En plus de ce qui précède, j’ai appris comment les autorités du Saint-Siège ont traité cette affaire. Après que Don Stabellini eut recueilli des preuves, l’affaire fut immédiatement camouflée par l’évêque de Côme de l’époque, Diego Coletti, et le cardinal Angelo Comastri, vicaire général du pape François pour la Cité du Vatican. De plus, le Cardinal Coccopalmerio, alors président du Conseil Pontifical pour les Textes Législatifs, consulté par Don Stabellini, l’a fortement exhorté à arrêter l’enquête.

Vous vous demandez peut-être comment cette horrible affaire a été classée. L’évêque de Côme a relevé Don Stabellini de ses fonctions de vicaire judiciaire ; le dénonciateur, le séminariste Kamil Jarzembowski, a été expulsé du séminaire ; les deux autres séminaristes qui l’avaient rejoint dans la dénonciation ont quitté le séminaire ; et l’auteur présumé des abus, Gabriele Martinelli, a été ordonné prêtre en juillet 2017. Tout cela s’est passé entre les murs du Vatican, et pas un mot n’en est sorti pendant le sommet.

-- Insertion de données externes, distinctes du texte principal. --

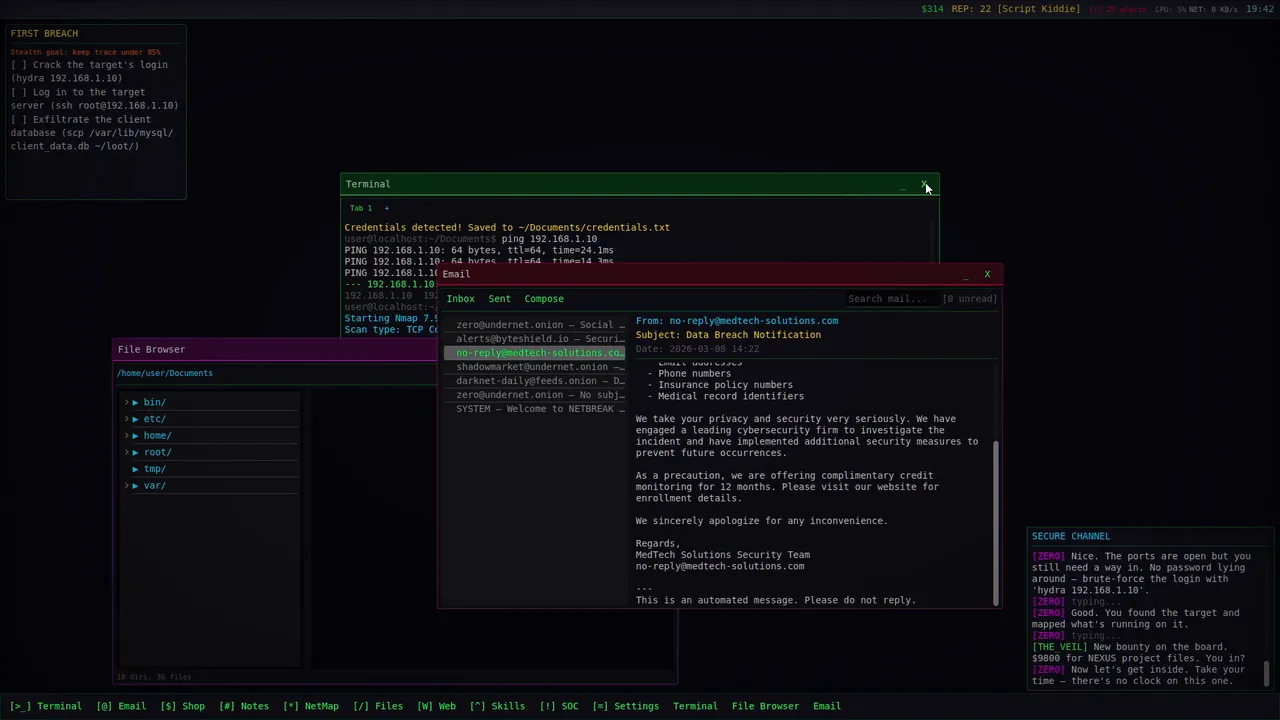 NETBREAK screenshot 3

Le sommet a donc été terriblement décevant, car il est hypocrite de condamner les abus à l’encontre des mineurs et de prétendre sympathiser avec les victimes tout en refusant de regarder les faits en face avec franchise. Une revitalisation spirituelle du clergé est des plus urgentes, mais elle sera finalement inefficace s’il n’y a pas la volonté de s’attaquer au vrai problème.

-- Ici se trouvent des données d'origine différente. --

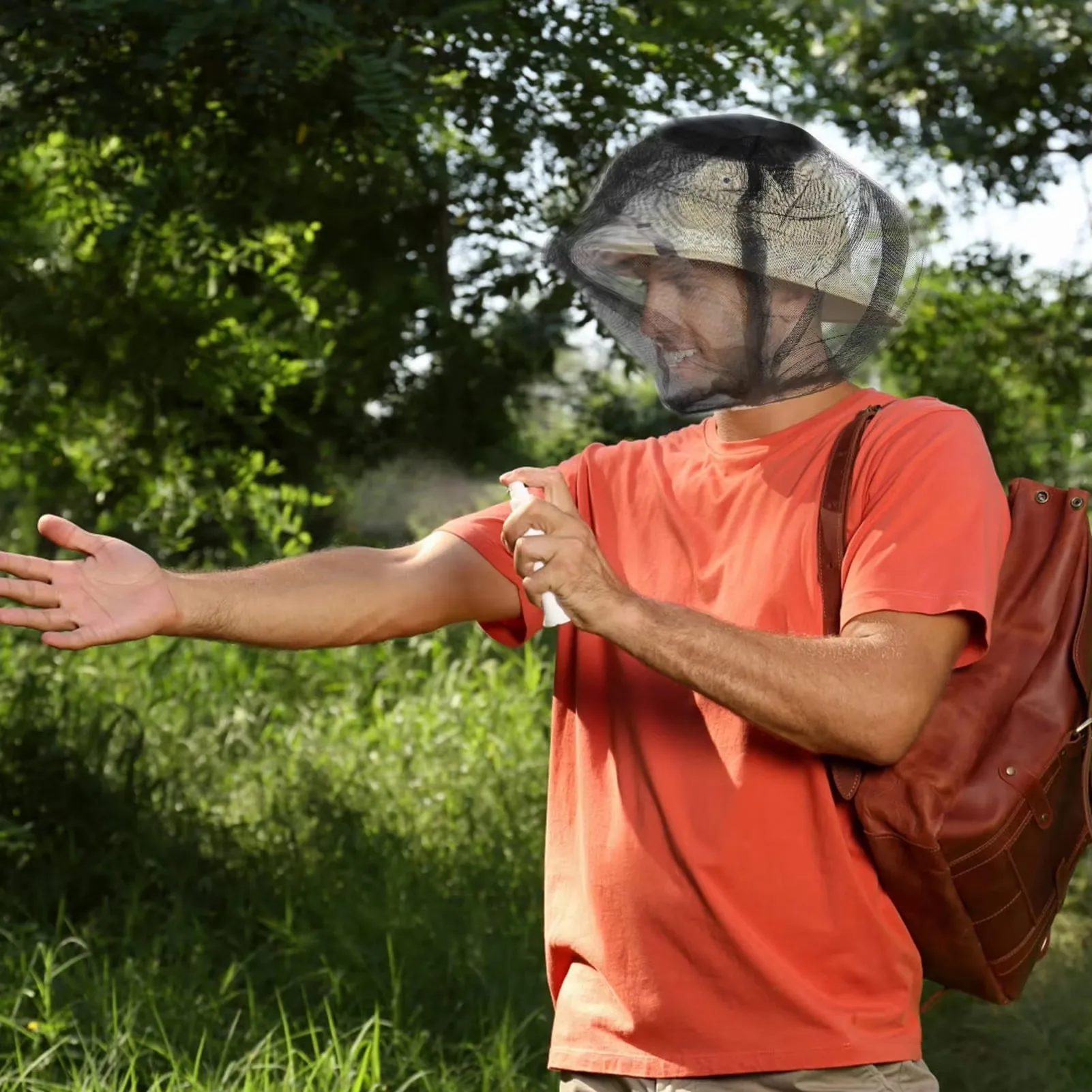 Fine Holes  hot Sale Mosquito Head Net Bigger Size for Mosquito Bugs Face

2. Le deuxième cas concerne l’archevêque Edgar Peña Parra, que le pape François a choisi comme nouveau suppléant à la Secrétairerie d’État, faisant de lui la troisième personne la plus puissante de la curie. Ce faisant, le pape a essentiellement ignoré un dossier terrifiant qui lui avait été envoyé par un groupe de fidèles de Maracaibo, intitulé "¿Quién es verdaderamente Monseñor Edgar Robinson Peña Parra, Nuevo Sustituto de la Secretarîa de Estado del Vaticano" ("Qui est vraiment Mgr Edgar Robinson Peña Parra, le nouveau suppléant du Secrétariat d’État du Vatican"), signé du Dr. Enrique W. Lagunillas Machado, au nom du "Grupo de Laicos de la Arquidiócesis de Maracaibo por una Iglesia y un Clero según el Corazón de Cristo" ("Groupe de laïcs de l’archidiocèse de Maracaibo pour une Église et un Clergé selon le Cœur du Christ"). Ces fidèles ont accusé Peña Parra d’immoralité terrible, décrivant en détail ses crimes présumés. Il pourrait même s’agir d’un scandale dépassant celui de McCarrick, et il ne faut pas que ce scandale soit couvert par le silence.

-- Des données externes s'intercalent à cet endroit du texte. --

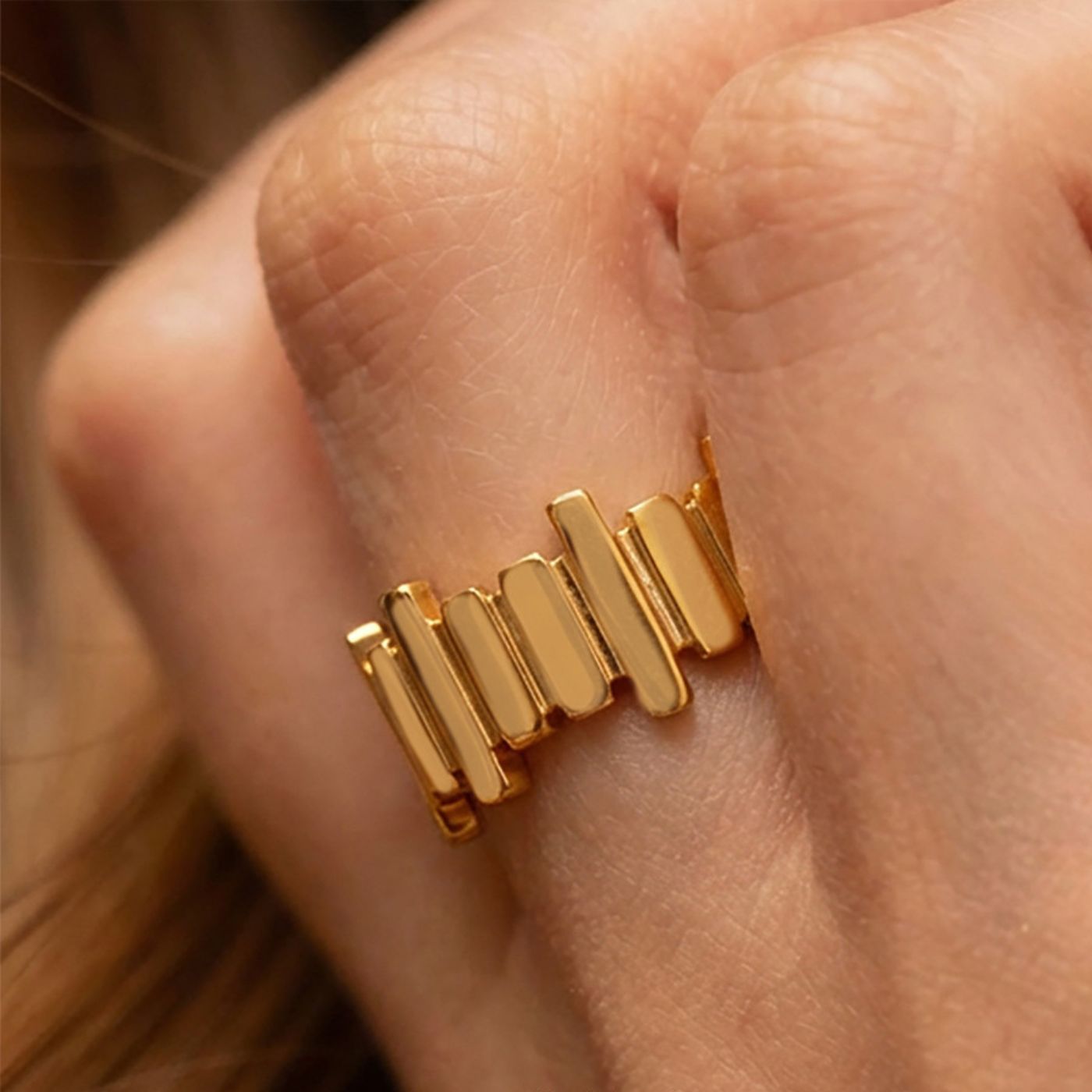 Bague barres minimalistes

Certains faits ont déjà été publiés dans les médias, notamment dans l’hebdomadaire italien L’Espresso . Je vais maintenant ajouter les faits connus par la Secrétairerie d’État du Vatican depuis 2002, que j’ai appris lorsque j’étais Délégué pour les Représentations pontificales.

En janvier 2000, le journaliste de Maracaibo Gastón Guisandes López a porté de graves accusations contre certains prêtres du diocèse de Maracaibo, dont Mgr Peña Parra, pour abus sexuels sur mineurs et autres activités éventuellement criminelles.

En 2001, Gastón Guisandes López a demandé à deux reprises à être reçu par le nonce apostolique (ambassadeur du Pape) au Venezuela, l’archevêque André Dupuy, pour discuter de ces questions, mais celui-ci a refusé inexplicablement de le recevoir. Il a toutefois signalé à la Secrétairerie d’État que le journaliste avait accusé Mgr Peña Parra de deux crimes très graves, décrivant les circonstances.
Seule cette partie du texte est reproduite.